▸ Information supplied
━━━━━━━━━━
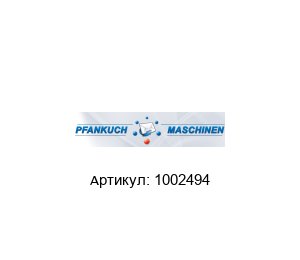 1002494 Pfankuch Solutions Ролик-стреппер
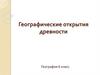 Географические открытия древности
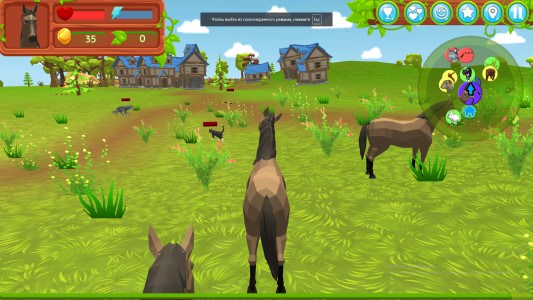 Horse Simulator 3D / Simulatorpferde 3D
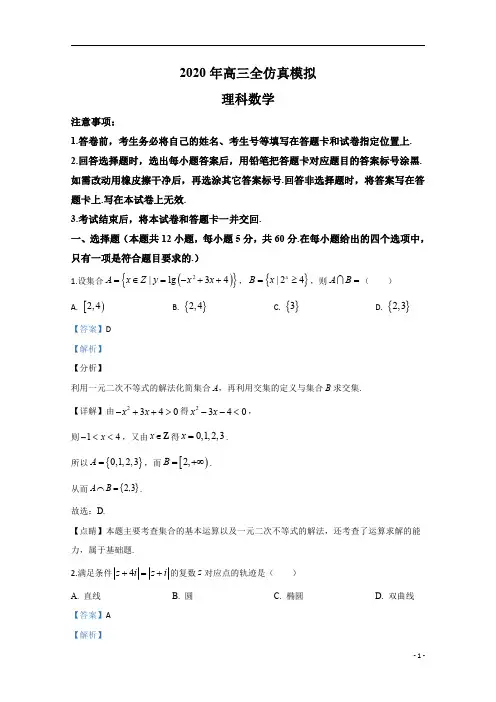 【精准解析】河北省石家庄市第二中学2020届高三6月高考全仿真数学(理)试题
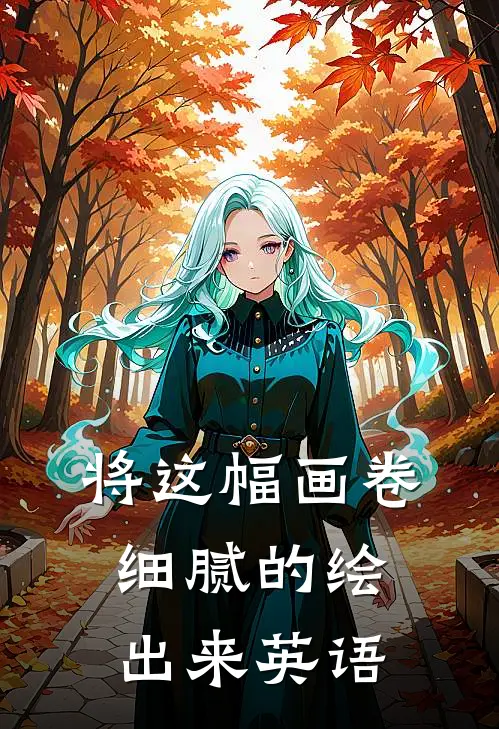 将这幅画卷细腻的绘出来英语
━━━━━━━━━━
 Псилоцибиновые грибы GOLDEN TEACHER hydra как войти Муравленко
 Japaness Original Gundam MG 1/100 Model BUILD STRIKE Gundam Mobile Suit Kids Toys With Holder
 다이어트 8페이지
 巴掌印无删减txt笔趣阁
━━━━━━━━━━
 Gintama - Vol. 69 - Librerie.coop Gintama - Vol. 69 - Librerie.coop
━━━━━━━━━━
▸ Prompt
The range runs from the line with "Псилоцибиновые грибы GOLDEN" up to and including the line with "巴掌印无删减txt笔趣阁" in the listing above; please write out exactly those lines and nothing more.

▸ Exercise response
 Псилоцибиновые грибы GOLDEN TEACHER hydra как войти Муравленко
 Japaness Original Gundam MG 1/100 Model BUILD STRIKE Gundam Mobile Suit Kids Toys With Holder
 다이어트 8페이지
 巴掌印无删减txt笔趣阁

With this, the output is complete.